Task brief: Your task is to repeat the lines below exactly, excluding any pictures they contain.
§ §
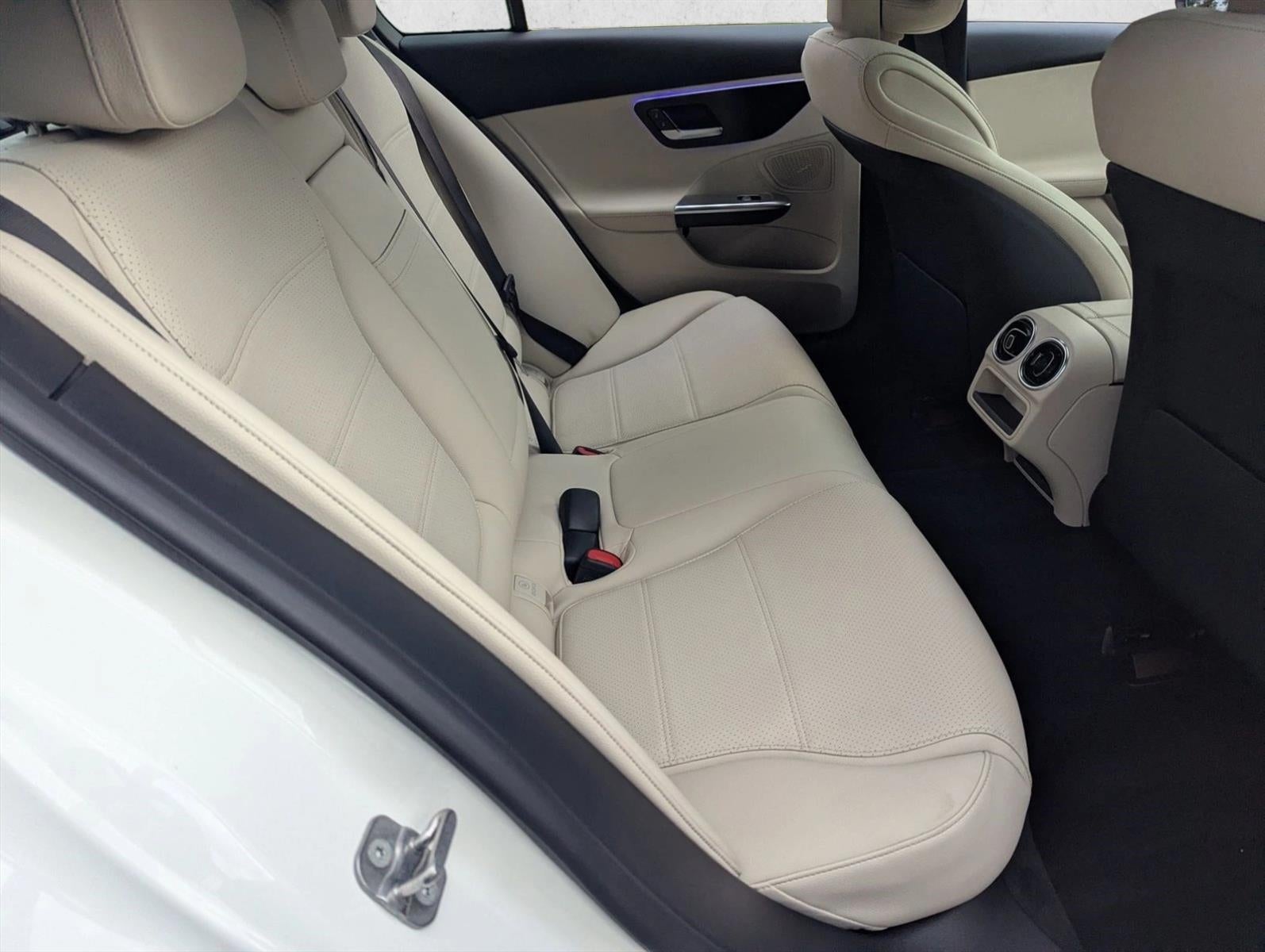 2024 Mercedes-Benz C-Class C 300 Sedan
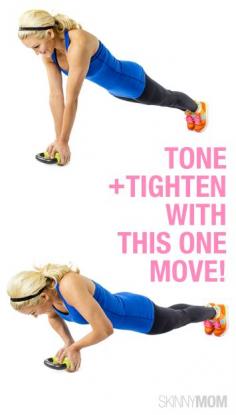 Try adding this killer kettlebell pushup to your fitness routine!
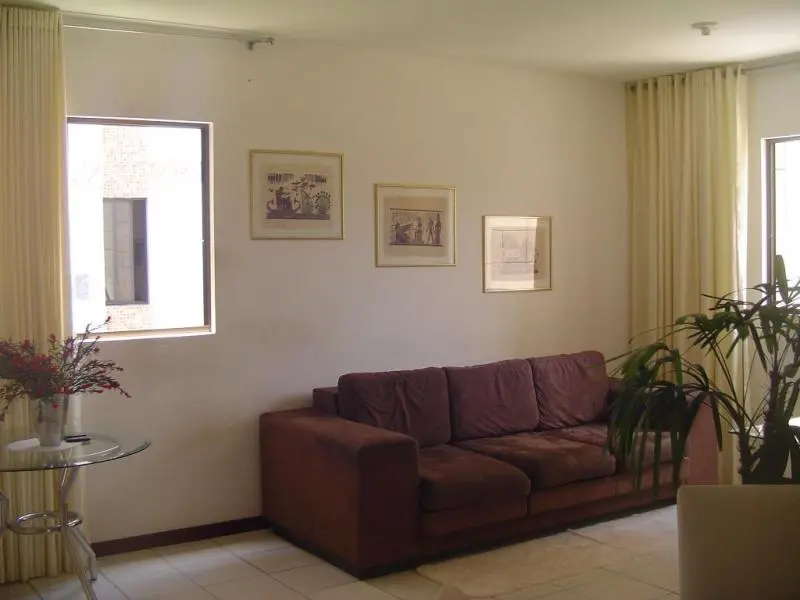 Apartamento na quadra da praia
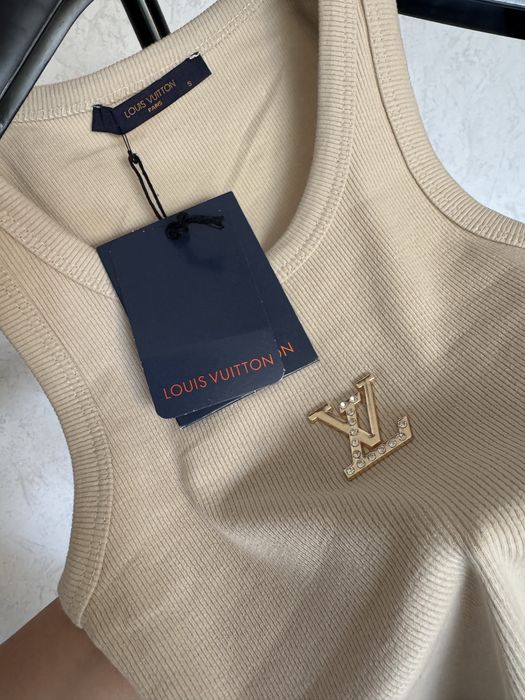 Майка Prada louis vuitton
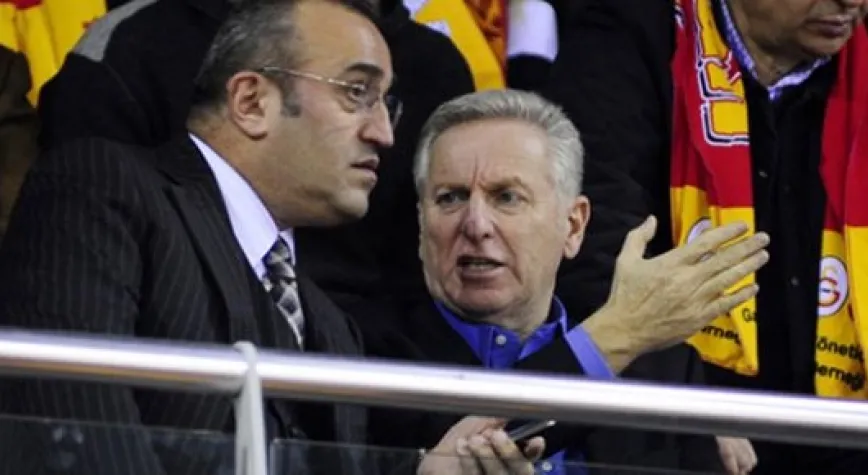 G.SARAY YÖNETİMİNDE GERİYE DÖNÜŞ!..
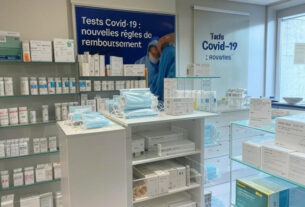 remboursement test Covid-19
§ §
Solution for this problem:
 2024 Mercedes-Benz C-Class C 300 Sedan
 Try adding this killer kettlebell pushup to your fitness routine!
 Apartamento na quadra da praia
 Майка Prada louis vuitton
 G.SARAY YÖNETİMİNDE GERİYE DÖNÜŞ!..
 remboursement test Covid-19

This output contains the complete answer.